Ссора из-за этого зашла так далеко, что обе женщины бранили друг друга прямо в глаза, и видя, что брань с каждым днем становится громче и что праздник уже на дворе, а еще ничего не решено, и что ни та, ни другая женщина из самолюбия не уступит ни крошки, мужья встретились на старом месте свиданий, в чайном доме, — потому что вражда жен сблизила их так, как не могло бы сблизить ничто другое. Там они посоветовались между собой, и Ван Купец, у которого был уже свой план, сказал брату:
— Пусть будет так, как ты скажешь, но не поместить ли нам брата со всеми домочадцами на том дворе, который стоит пустым со смерти отца? Правда, этот двор принадлежит его жене, Лотосу, но она так стара теперь и совсем не бывает там с тех пор, как бросила играть в кости, и если мы поместим там брата, то можно будет поделить расходы пополам, а нашим женам скажем, что это делается ради экономии, и они оставят нас в покое.

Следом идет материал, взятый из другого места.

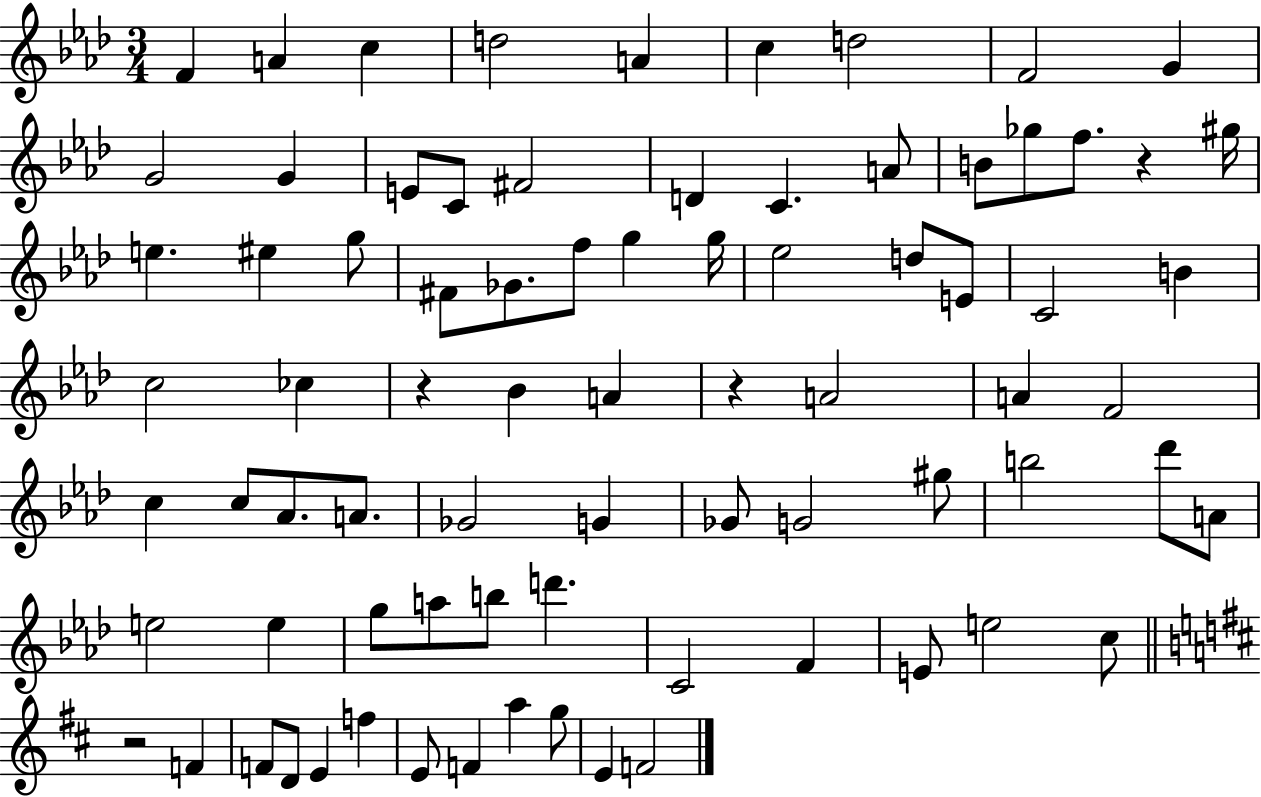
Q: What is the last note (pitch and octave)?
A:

В былое время Ван Помещик заупрямился б и сделал бы так, как придумал сам, но теперь, старея и непомерно тучнея, он стал необыкновенно сонлив, дремал чуть ли не целый день и готов был на что угодно, лишь бы избавиться от хлопот. План же этот показался ему очень хорош; правда, ему хотелось добиться расположения могущественного младшего брата, но он обошелся бы и без него, если бы средний брат тоже ничего не добился. Лень его все росла, и прошло то время, когда он любил принимать у себя гостей; теперь он радовался, если не нужно было утруждать себя и говорить учтивые слова кстати и некстати. И потому он охотно согласился, и оба они пошли к своим женам и рассказали им о задуманном. Такой выход был очень удобен для всех: ни одна из невесток ничего не теряла, и каждая решила про себя, что только она одна будет заботиться о гостях, но каждая была довольна тем, что большие расходы на вино и угощение, на подарки слугам и служанкам будут поделены пополам, — и всем это показалось достаточно веской причиной.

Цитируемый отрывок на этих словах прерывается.